Captioned web images –

________________________

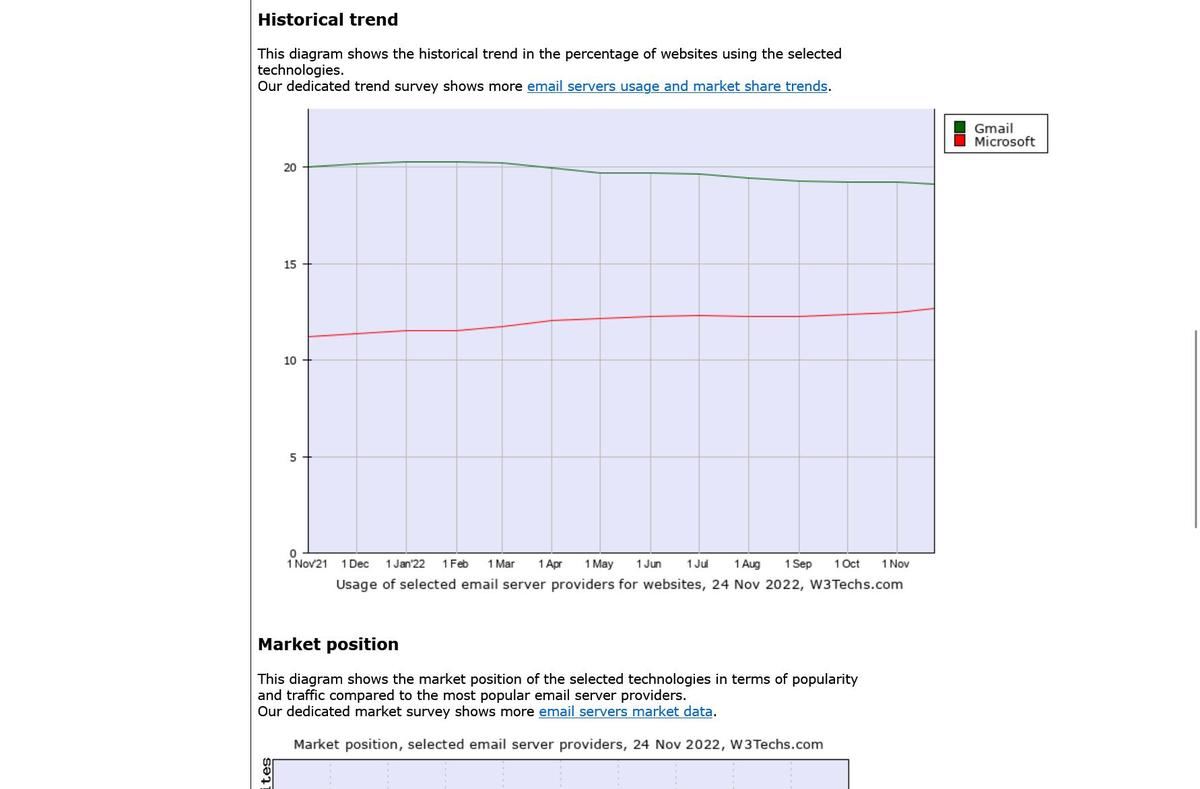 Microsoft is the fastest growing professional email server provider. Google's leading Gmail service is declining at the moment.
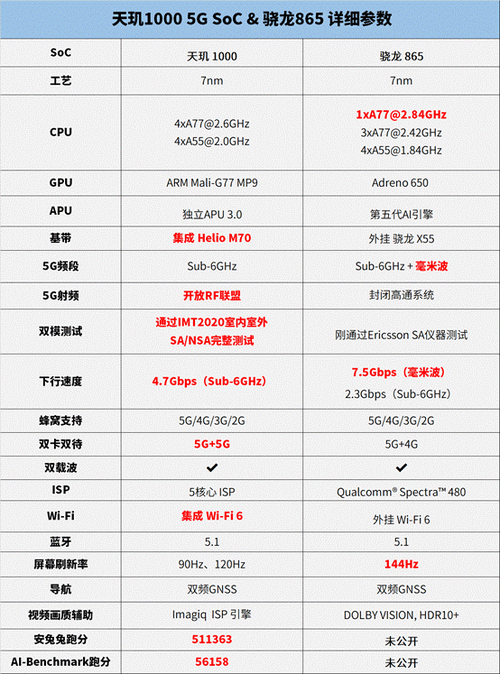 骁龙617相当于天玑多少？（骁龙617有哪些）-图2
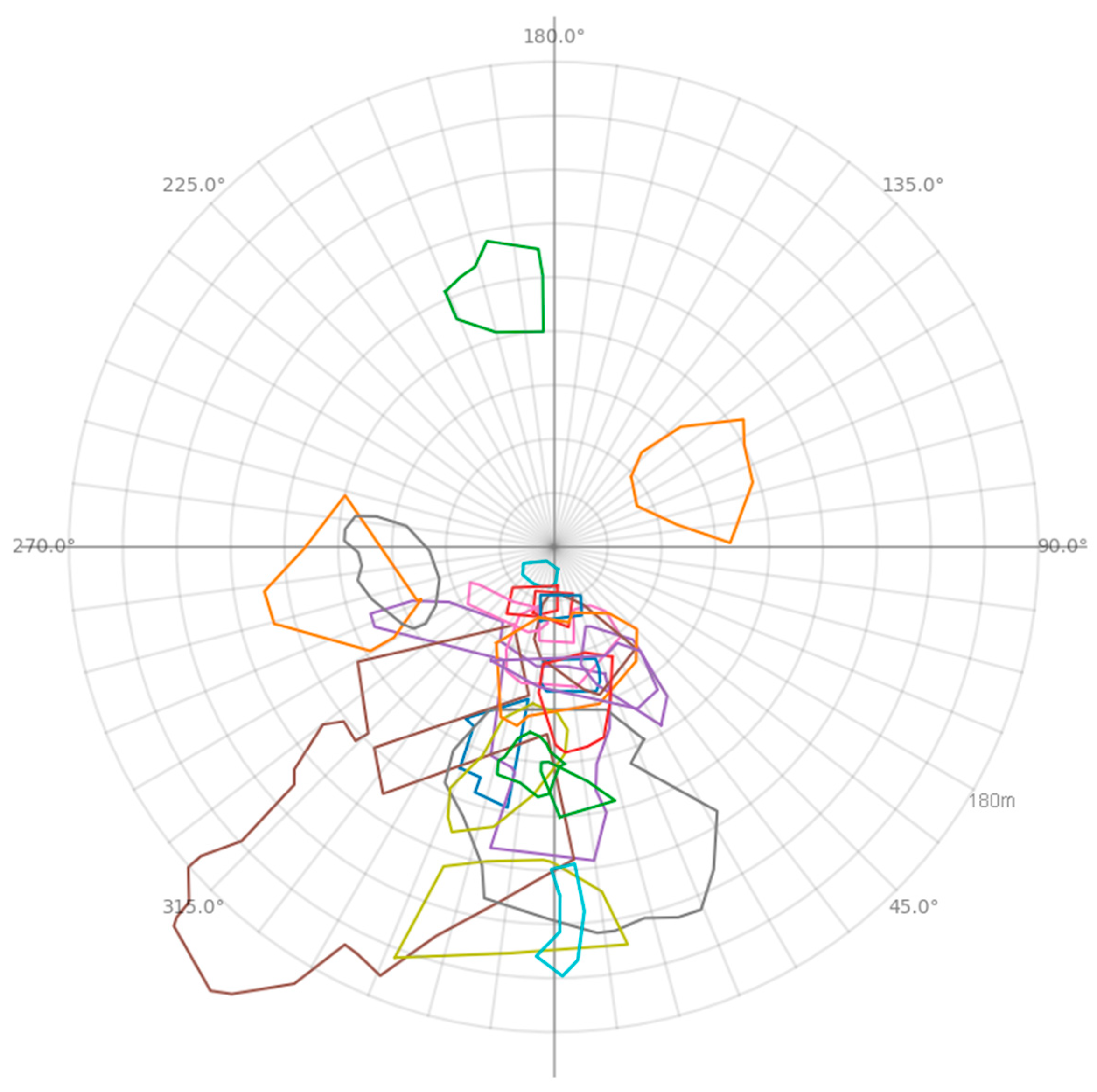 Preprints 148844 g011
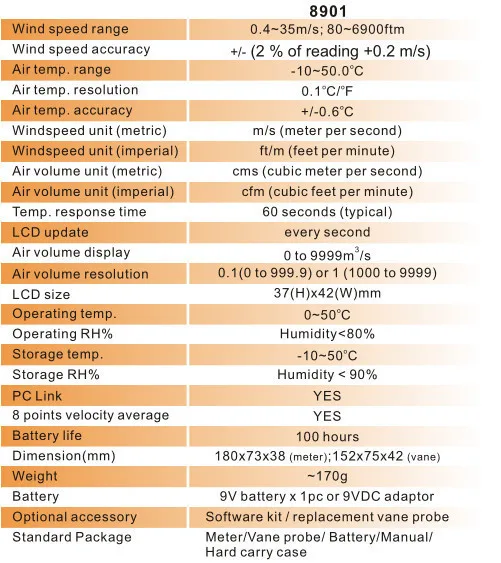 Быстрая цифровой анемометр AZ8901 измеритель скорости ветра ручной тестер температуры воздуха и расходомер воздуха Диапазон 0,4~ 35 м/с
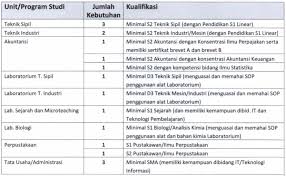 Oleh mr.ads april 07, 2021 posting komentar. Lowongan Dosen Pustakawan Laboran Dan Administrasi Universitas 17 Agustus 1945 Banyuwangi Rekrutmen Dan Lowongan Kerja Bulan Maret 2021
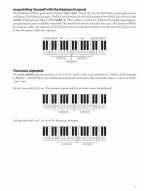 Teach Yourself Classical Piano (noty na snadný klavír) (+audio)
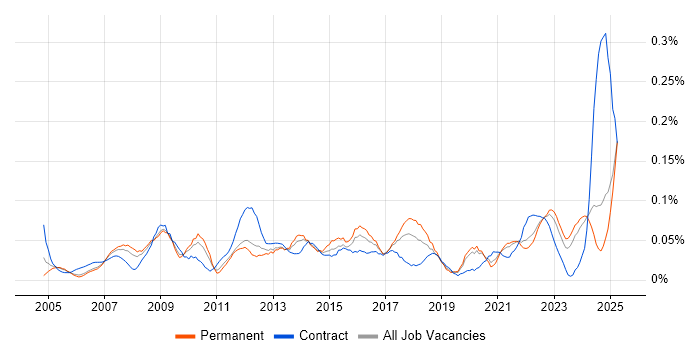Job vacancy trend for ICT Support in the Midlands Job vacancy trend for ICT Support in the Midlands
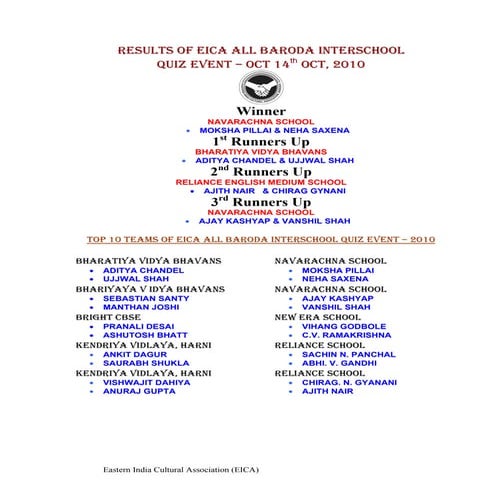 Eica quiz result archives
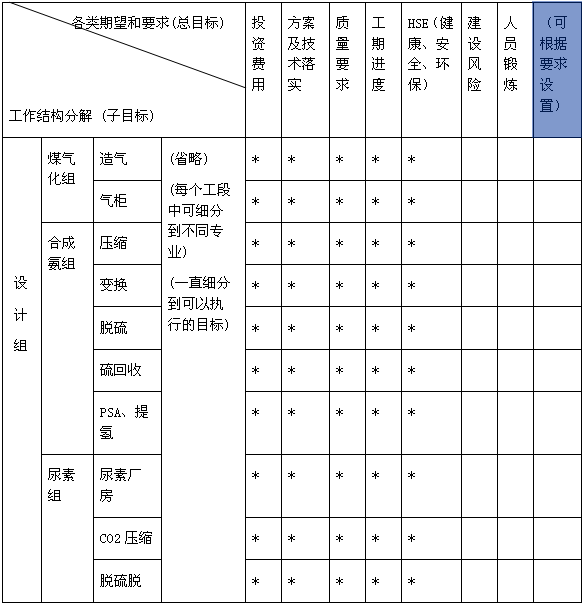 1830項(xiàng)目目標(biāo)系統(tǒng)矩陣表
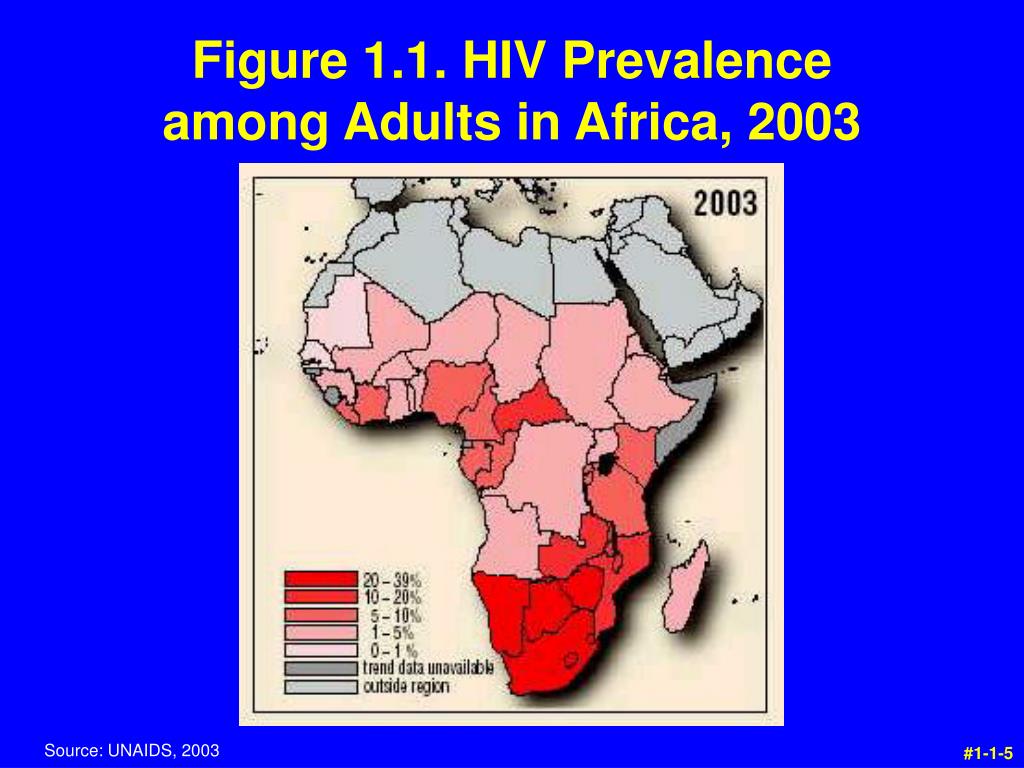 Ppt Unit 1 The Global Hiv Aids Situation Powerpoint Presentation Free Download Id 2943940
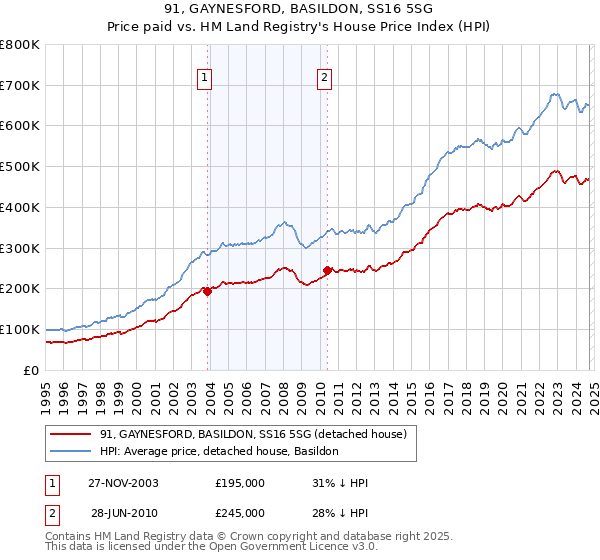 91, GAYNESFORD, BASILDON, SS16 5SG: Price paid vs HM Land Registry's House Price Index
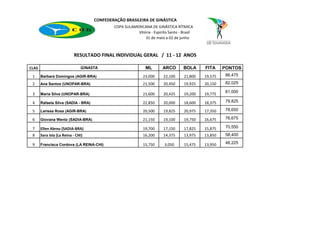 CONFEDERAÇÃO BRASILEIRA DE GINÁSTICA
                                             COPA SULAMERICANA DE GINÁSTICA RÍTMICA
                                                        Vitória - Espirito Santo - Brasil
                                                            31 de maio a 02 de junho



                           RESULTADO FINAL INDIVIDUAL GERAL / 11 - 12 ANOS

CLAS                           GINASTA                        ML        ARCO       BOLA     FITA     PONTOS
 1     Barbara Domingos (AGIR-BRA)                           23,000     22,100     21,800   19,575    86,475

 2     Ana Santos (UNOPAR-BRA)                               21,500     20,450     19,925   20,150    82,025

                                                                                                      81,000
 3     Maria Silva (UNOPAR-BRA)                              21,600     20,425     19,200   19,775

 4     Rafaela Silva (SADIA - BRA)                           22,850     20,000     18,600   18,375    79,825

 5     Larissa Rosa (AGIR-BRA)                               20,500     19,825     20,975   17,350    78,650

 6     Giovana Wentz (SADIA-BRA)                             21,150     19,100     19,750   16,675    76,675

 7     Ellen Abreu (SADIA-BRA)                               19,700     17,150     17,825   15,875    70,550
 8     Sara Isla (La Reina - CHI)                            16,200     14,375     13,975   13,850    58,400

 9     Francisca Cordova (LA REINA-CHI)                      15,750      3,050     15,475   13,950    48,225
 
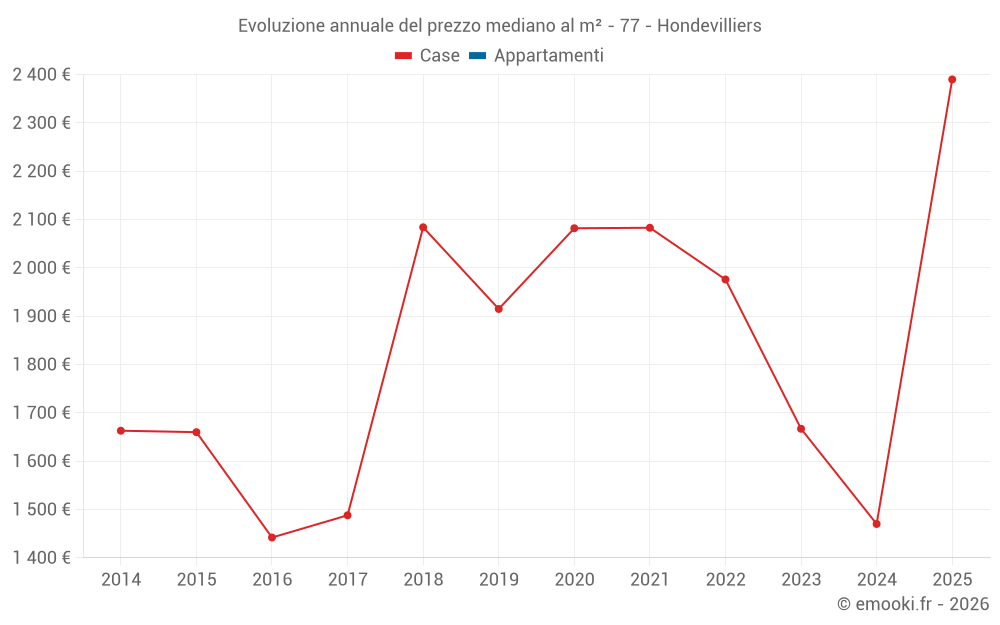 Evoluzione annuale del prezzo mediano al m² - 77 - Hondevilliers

________________________

YOUR INSTRUCTIONS – Print only the lines running from the one containing "Giovana Wentz (SADIA-BRA)" to the end of the data above, exactly; include no pictures.

ANSWER TO THIS TASK –
 6     Giovana Wentz (SADIA-BRA)                             21,150     19,100     19,750   16,675    76,675

 7     Ellen Abreu (SADIA-BRA)                               19,700     17,150     17,825   15,875    70,550
 8     Sara Isla (La Reina - CHI)                            16,200     14,375     13,975   13,850    58,400

 9     Francisca Cordova (LA REINA-CHI)                      15,750      3,050     15,475   13,950    48,225
 
 Evoluzione annuale del prezzo mediano al m² - 77 - Hondevilliers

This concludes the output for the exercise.